Q1: Camping Trip (20 points)

During one of the camping trips, Pulkit was given $n$ rope segments of lengths $l_{1}, l_{2}, \dots, l_{n}$ by Kedar, and was asked to join all the ropes into a single long segment of length $\sum_{i = 1}^{n} l_{i}$ . Pulkit can only join two ropes at a time and the "effort" in joining ropes $i, j$ using a knot is $l_{i} + l_{j}$ . Pulkit is lazy and would like to minimize his "effort" to join all the segments together.

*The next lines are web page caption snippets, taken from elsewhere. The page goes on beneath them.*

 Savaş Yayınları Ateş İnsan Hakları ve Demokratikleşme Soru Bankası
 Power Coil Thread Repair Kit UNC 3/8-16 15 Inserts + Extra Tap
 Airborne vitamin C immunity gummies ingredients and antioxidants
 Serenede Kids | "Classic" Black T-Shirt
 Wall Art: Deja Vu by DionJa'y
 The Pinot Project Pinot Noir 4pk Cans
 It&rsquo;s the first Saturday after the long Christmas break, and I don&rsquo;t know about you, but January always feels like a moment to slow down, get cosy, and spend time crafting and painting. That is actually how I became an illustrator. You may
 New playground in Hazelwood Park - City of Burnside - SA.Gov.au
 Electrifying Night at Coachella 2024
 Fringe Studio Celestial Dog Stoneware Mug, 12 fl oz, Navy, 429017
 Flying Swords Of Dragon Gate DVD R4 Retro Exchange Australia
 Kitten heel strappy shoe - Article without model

[5 points] Do you see any parallels between the problem and one of the prefix-free codes you have learnt about? Please justify your answer.
[5 points] Let $E_{o pt}$ be the optimal (minimal) value for the effort required to join all the segments. Without solving the problem, can Pulkit get an estimate of what the $E_{o pt}$ would be? Leaving your answer in terms of inequalities is fine.
[10 points] Implement the function compute_minimum_effort() in the file hw2_p1.py.
HINT: You may use one of the prefix-free code implementations in the SCL Library

Q2: Generating random non-uniform data (25 points)

Consider the problem of sampling a non-uniform discrete distribution, when you given samples from a uniform distribution.

Let's assume that we are given a single sample of random variable U, uniformly distributed in the unit interval [0,1) (e.g. U = numpy.random.rand()). The goal is to generate samples from a non-uniform discrete distribution $P$ . We will assume that $P$ is a rational distribution. i.e. for any symbol $s$ , $P (s) = n_{s} / M$ , where $n_{s}, M$ are integers.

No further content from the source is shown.